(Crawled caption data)
- Opening Delimiter -
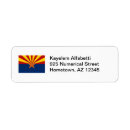 Buscar bandera del estado de arizona postales Arizonano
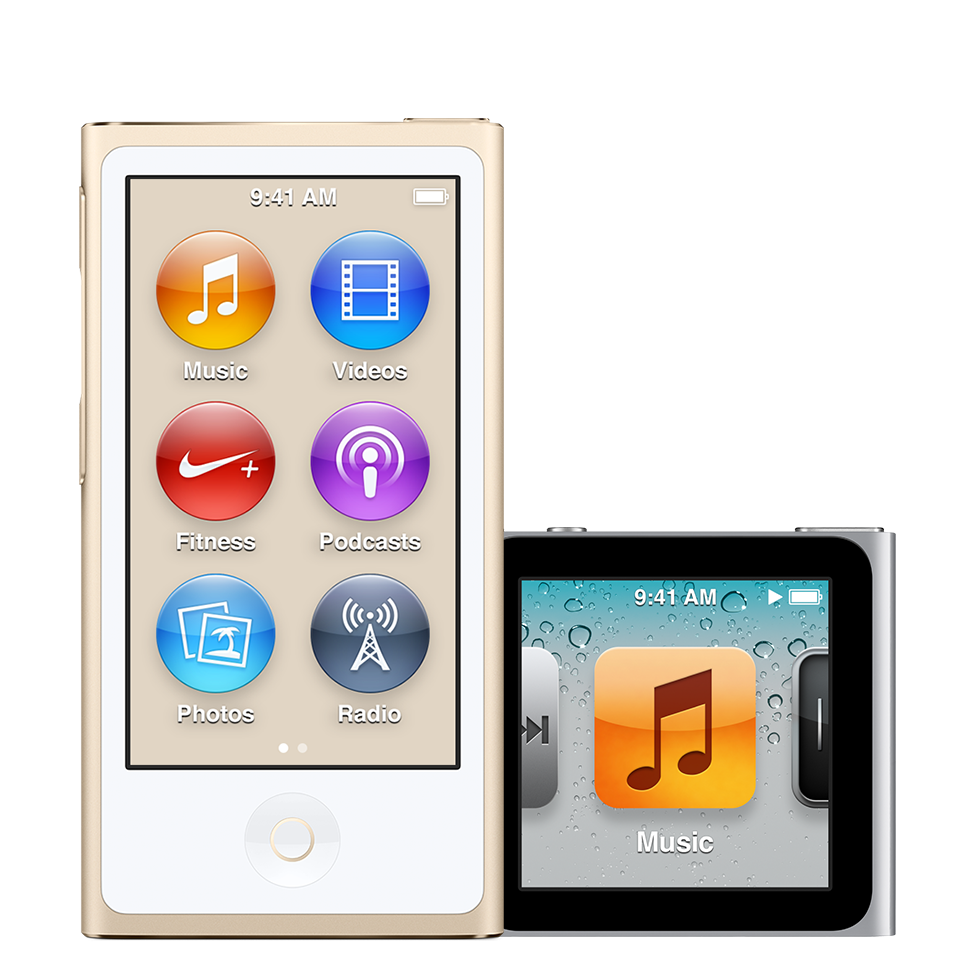 iPod nano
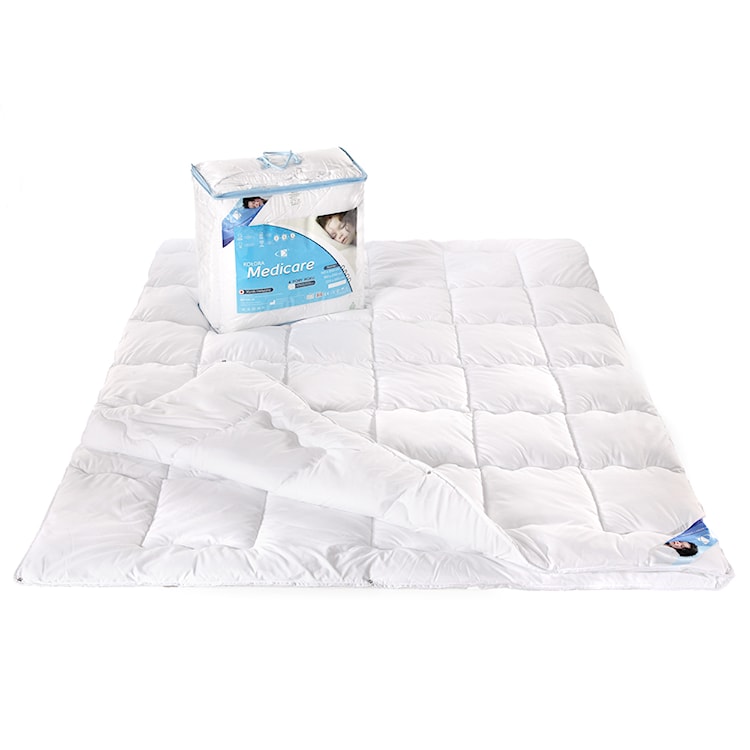Kołdra Medicare 160x200  - zdjęcie 2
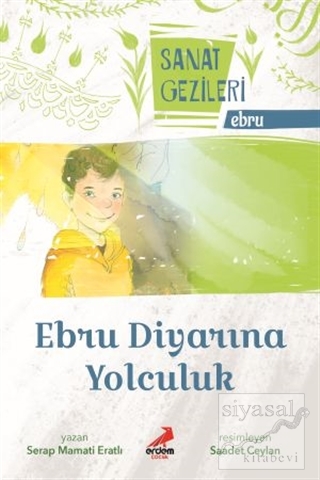 Ebru Diyarına Yolculuk - Ebru - Sanat Gezileri Serap Mamati Eratlı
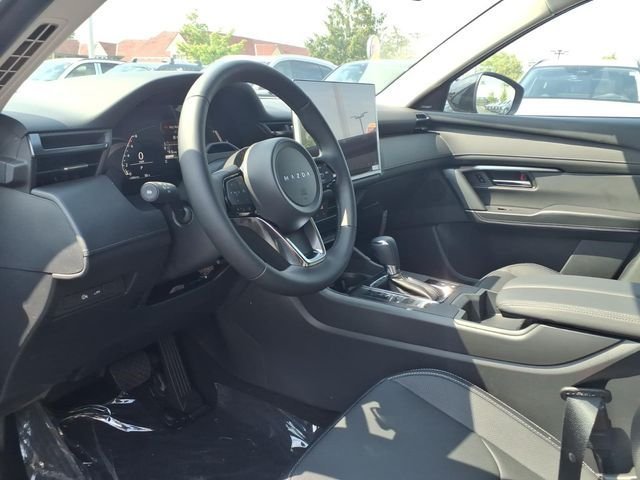 New 2026 Aero Gray Metallic Mazda 2.5 S Premium Plus AWD image 15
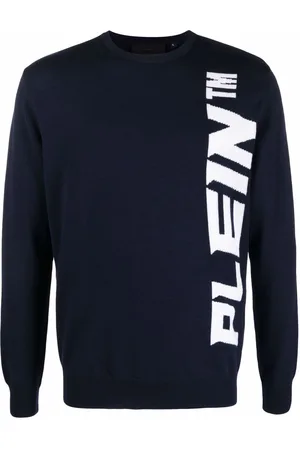 Philipp Plein Pullover mit Logo-Print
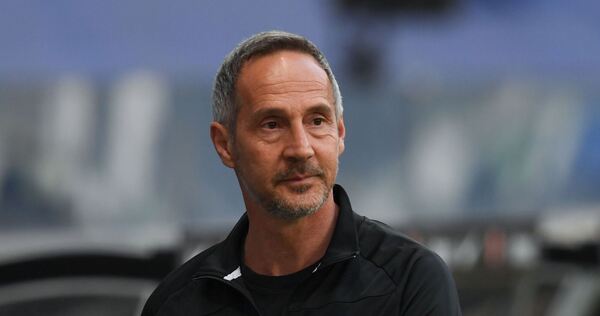 Adi Hütter Adi Hütter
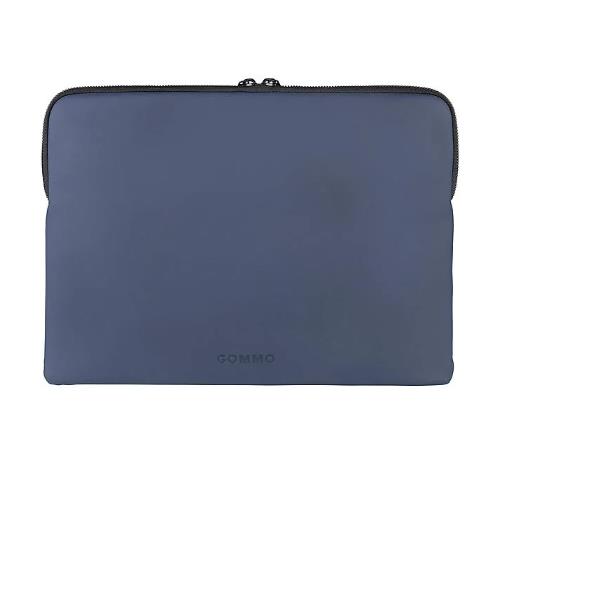 Custodia gommo per laptop 15.6 pollici in materiale impermeabile blu 8020252200449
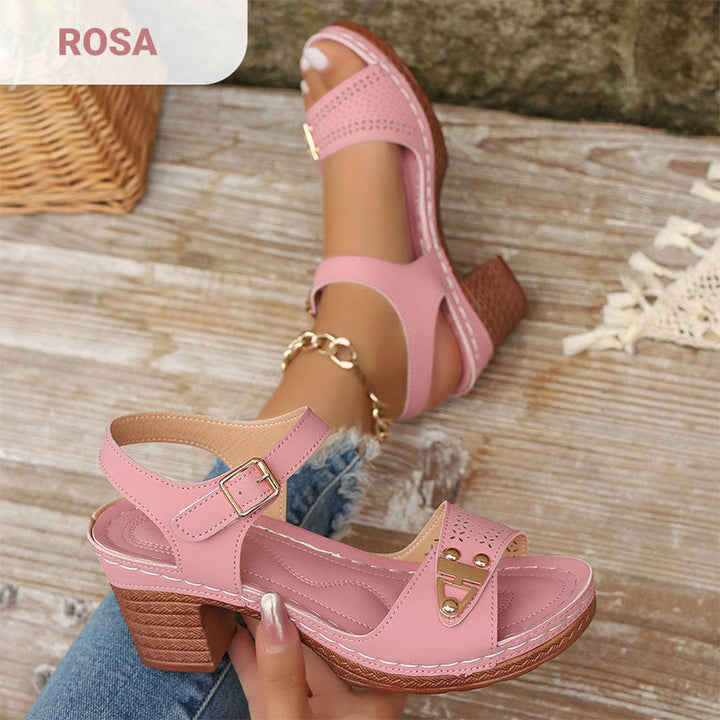 Mia - High-Heel Sandals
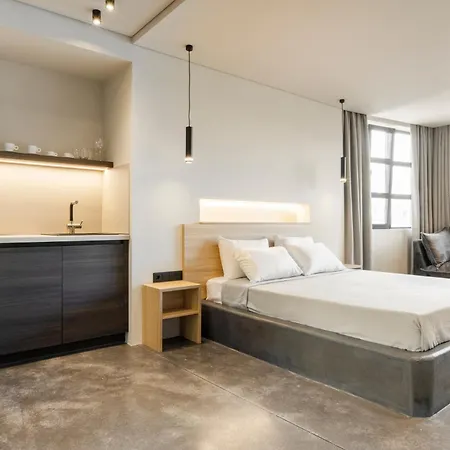 Urban Touch Daire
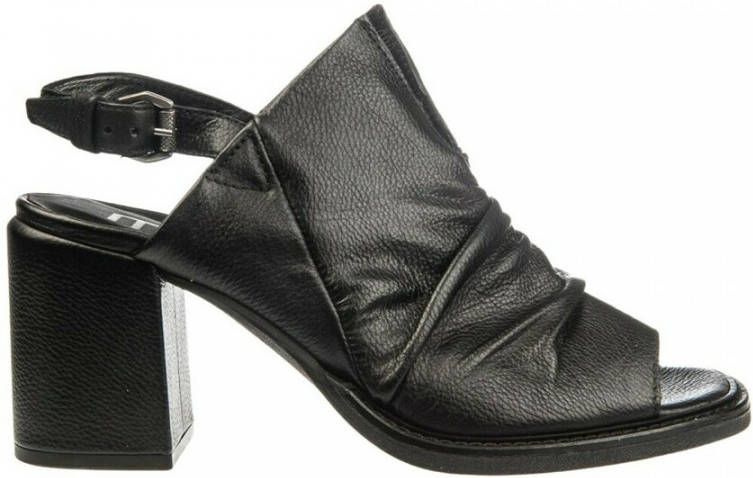 MJUS 862001 Sandalen verwelkomden T8 -band Black Dames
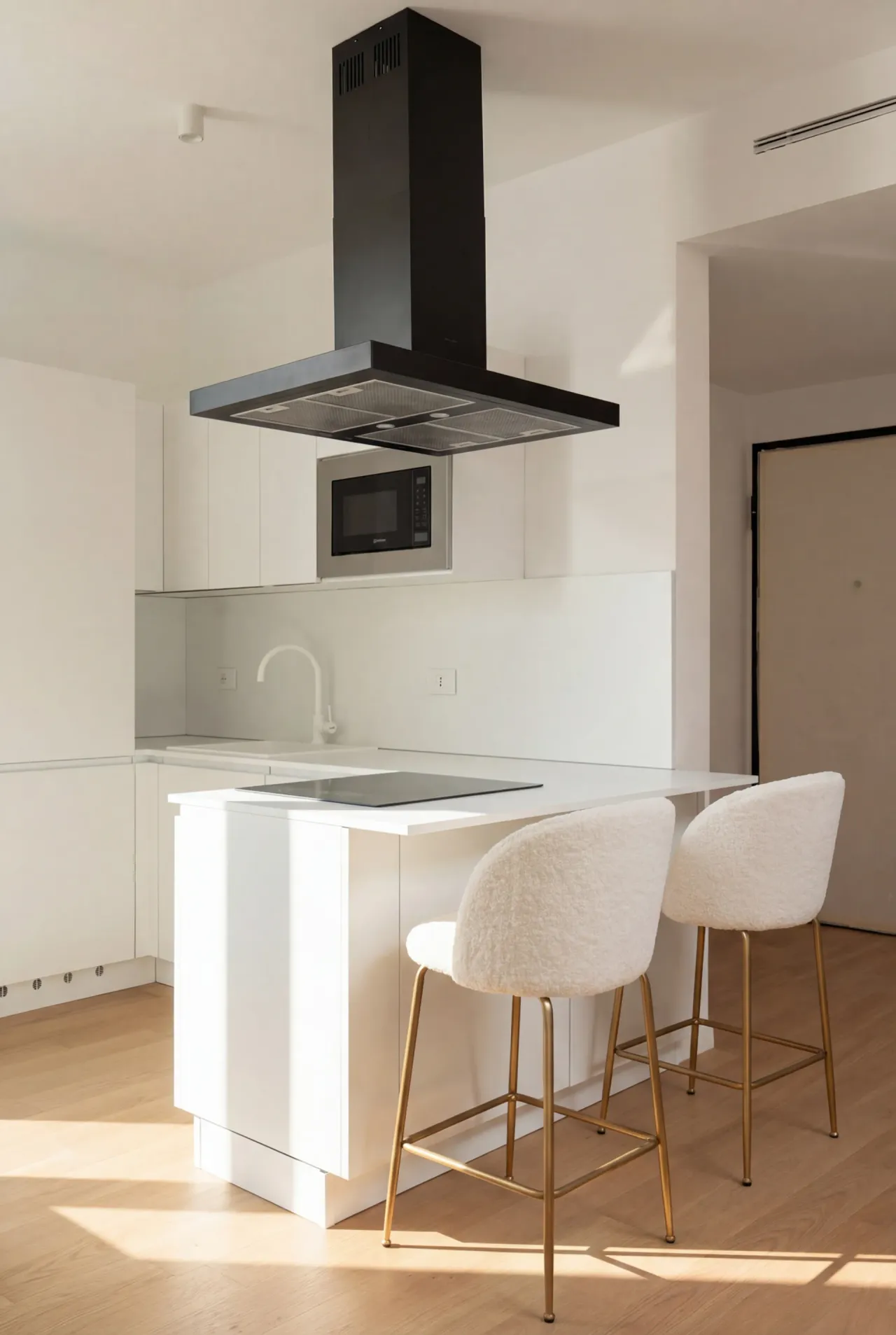 living - Magenta 54 unità B402 - Wonen - Dils - gallery - 17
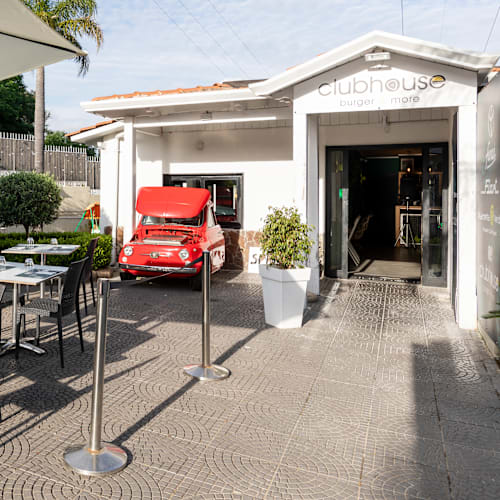 Clubhouse Burger and more, Pozzuoli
- Closing Delimiter -
_TASK INSTRUCTIONS_. Copy out the data exactly and keep the pictures out.

_SOLUTION BELOW_.
 Buscar bandera del estado de arizona postales Arizonano
 iPod nano
Kołdra Medicare 160x200  - zdjęcie 2
 Ebru Diyarına Yolculuk - Ebru - Sanat Gezileri Serap Mamati Eratlı
 New 2026 Aero Gray Metallic Mazda 2.5 S Premium Plus AWD image 15
 Philipp Plein Pullover mit Logo-Print
 Adi Hütter Adi Hütter
 Custodia gommo per laptop 15.6 pollici in materiale impermeabile blu 8020252200449
 Mia - High-Heel Sandals
 Urban Touch Daire
 MJUS 862001 Sandalen verwelkomden T8 -band Black Dames
 living - Magenta 54 unità B402 - Wonen - Dils - gallery - 17
 Clubhouse Burger and more, Pozzuoli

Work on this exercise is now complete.